The L4 doesn’t have a conventional continuous shooting mode; instead it has the Multi-shot 16 mode, which takes 16 shots over approximately 12 seconds, then converts them into one image showing all 16 frames. I have to admit I can’t really think of a use for this setting.
The monitor screen is also small by modern standards, being only 2in diagonally with a resolution of 115k pixels. However it is nice and bright, and the anti-reflective coating makes it more visible than some when shooting in bright sunlight.
Apart from these issues however the rest of the camera performs well. The AF system is quick and accurate, although the Face-priority system is a little slower, and the zoom lens is also nice and responsive. Like most powered zooms it is stepped, but there are at least eight steps from wide to telephoto, so accurate framing is possible.

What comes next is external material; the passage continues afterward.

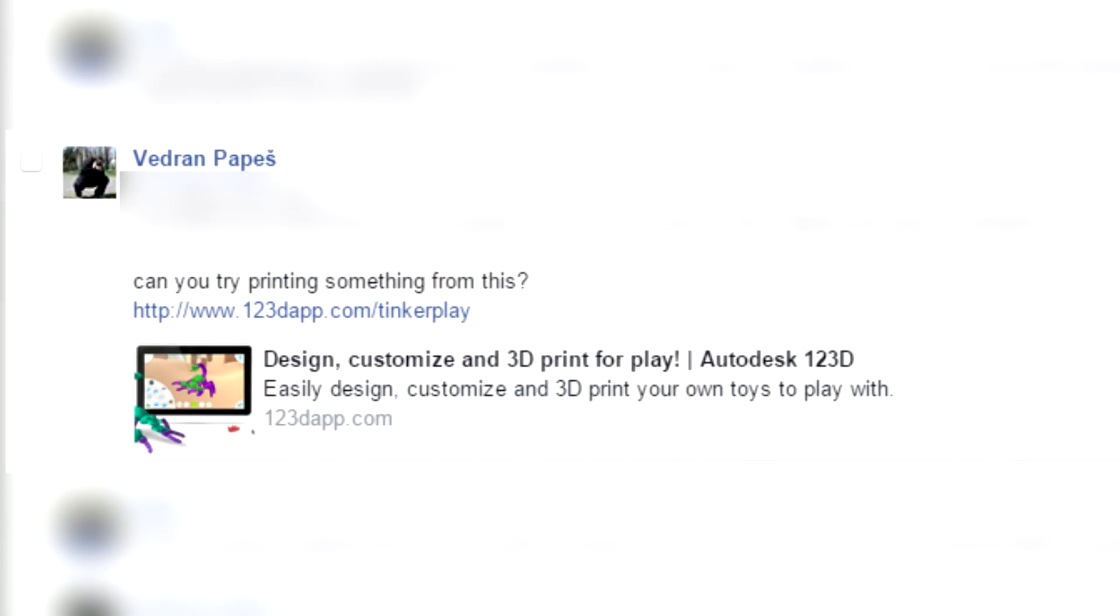A guy named Vadron reached out to me over on my Facebook page, you can find the link to that down in the video description, and asked me if I could take a look at an app called TinkerPlay.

Image quality is generally very good, with accurate colour reproduction, good contrast and a very high level of detail despite the limited resolution. The f2.8-f4.9 Nikkor lens is better than average, producing sharp images from edge to edge, although it does suffer from significant barrel distortion at the wide angle.
Unfortunately there is one major problem with image quality, and that’s the exposure. The L4’s CCD seems to have much more limited dynamic range than most other cameras, so in high contrast shots it tends to burn out highlights or lose shadow detail, and sometimes both.
Almost uniquely for a modern camera, the L4 has no manual control over ISO setting, however the automatic setting doesn’t go above 200 ISO so image noise is generally well controlled.
Despite a few problems, under normal circumstances the Coolpix L4 is capable of producing excellent shots that belie its budget price and limited resolution. When budget cameras can be this good, why spend more?
It’s hard to imagine a better camera at the price. For under £100 you can get a well made, easy to use 3x zoom ultra-compact with good picture quality, a useful range of modes and options, and the prestigious Nikon name. If you’re looking for a gift, a starter camera or something to take on holiday, you won’t find much better.